Former 25-acre landfill has been transformed into vibrant community park
Cleveland Metroparks, Western Reserve Land Conservancy and Old Brooklyn Development Corporation today celebrated the opening of Brighton Park in Cleveland’s Old Brooklyn neighborhood. The new 25-acre park, now part of Cleveland Metroparks Brookside Reservation, is the result of significant restoration of the former Henninger Landfill property.
Spearheaded by the Western Reserve Land Conservancy, Old Brooklyn Community Development Corporation (CDC) and Cleveland Metroparks, the new park provides a critical connection between the Ohio & Erie Canal Towpath Trail and the Cleveland Metroparks Zoo and Brookside Reservation, and will provide needed greenspace in the Old Brooklyn neighborhood.
“We’re thankful for the tremendous partnership of Western Reserve Land Conservancy and Old Brooklyn CDC to take a former landfill and turn it into a vibrant community asset,” said Cleveland Metroparks CEO Brian M. Zimmerman. “This new park will not only serve the residents of the Old Brooklyn neighborhood, but also provide a critical connection between Cleveland Metroparks Zoo and Brookside Reservation to the Towpath Trail and beyond.”
The new park spans approximately 25 acres and includes a half mile of paved all purpose trail connecting from Pearl Road and Wildlife Way to Cleveland Metroparks Zoo through Brighton Park to W. 21st Street.

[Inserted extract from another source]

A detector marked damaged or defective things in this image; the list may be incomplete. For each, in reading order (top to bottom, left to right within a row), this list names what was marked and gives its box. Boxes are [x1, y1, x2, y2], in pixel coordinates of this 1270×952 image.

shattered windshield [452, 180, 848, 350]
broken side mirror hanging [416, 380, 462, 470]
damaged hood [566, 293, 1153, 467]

The park also includes a half mile of looped natural surface trail as well as a scenic overlook of Big Creek, the Cuyahoga River’s third largest tributary.

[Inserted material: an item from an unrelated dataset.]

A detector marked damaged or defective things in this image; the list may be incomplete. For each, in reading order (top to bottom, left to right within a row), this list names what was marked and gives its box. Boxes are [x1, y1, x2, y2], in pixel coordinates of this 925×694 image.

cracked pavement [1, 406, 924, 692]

The former Henninger Landfill, located near the corner of Pearl Road and Henninger Road, ceased operation in the 1980s. After nearly 20 years of disuse, the Land Conservancy acquired the property in 2014 through the Clean Ohio Conservation Fund. In 2021, Cleveland Metroparks entered into a lease and management agreement for the property for conservation, park management and protection. While trees were recently planted for shade along the trails, Cleveland Metroparks will maintain open meadows to allow for scenic views and enhance pollinator habitat.
“The transformation of a disused, vacant lot into a vibrant and natural community greenspace is finally complete,” said Rich Cochran, President and CEO at Western Reserve Land Conservancy. “Brighton Park has been decades in the making. By partnering with Old Brooklyn Development Corporation and Cleveland Metroparks, we’ve created an urban oasis that future generations will appreciate and enjoy. It is a lasting testament to the determination of many individuals who came together as a team to create something truly special.”

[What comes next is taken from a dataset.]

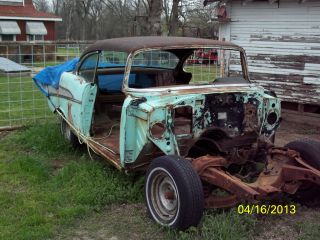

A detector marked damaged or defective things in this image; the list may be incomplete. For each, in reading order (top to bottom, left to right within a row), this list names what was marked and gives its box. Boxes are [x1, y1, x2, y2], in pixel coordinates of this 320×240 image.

rusted car body [36, 36, 320, 230]
rusty steel frame rail [191, 147, 320, 207]
rusted axle [191, 147, 320, 207]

Since May, Cleveland Metroparks and project partners have added 4.5 miles of trails in Cleveland as well as opened the new Brighton Park. More than 26,000 people live within a 10-minute walk of the new trails and projects.
“The opening of Brighton Park exemplifies Old Brooklyn’s rebirth as it anchors the Brighton commercial district along Pearl Road,” said Jeffrey Verespej, Executive Director of Old Brooklyn CDC. “Envisioned by the community for twenty years, it has taken the partnership of many organizations, neighbors, and funders to accomplish this massive transformation. Old Brooklyn CDC knows that providing access to parks, recreation, and nature is critical to healthy neighborhoods and healthy lives.”
Funding for improvements to the property comes from a diverse array of sources including Ohio Public Works Commission’s Clean Ohio Green Space Conservation Program, the Recreational Trail Program administered by the Ohio Department of Natural Resoruces, National Fish and Wildlife Foundation’s Sustain Our Great Lakes program, Cuyahoga County’s Brownfield remediation funding and Supplemental Grant Program, U.S. Environmental Protection Agency, as well as Bank of America, Cleveland Foundation, Freshwater Future, Howmet Aerospace Foundation, John P. Murphy Foundation, NOPEC, Sears-Swetland Family Foundation, and the Kent H. Smith Charitable Trust.
“I grew up on this landfill, playing ‘King of the Mountain’ with my childhood friends,” said former Cleveland City Councilman and Old Brooklyn resident Jim Rokakis. “When I was first elected to City Council in 1978, I knew the residents of this neighborhood wanted this space to be something special. Throughout my career, I searched for ways to turn the landfill into a Cleveland landmark. It is exciting to see the partnerships and perseverance of so many dedicated people coming together to create such a wonderful natural space.”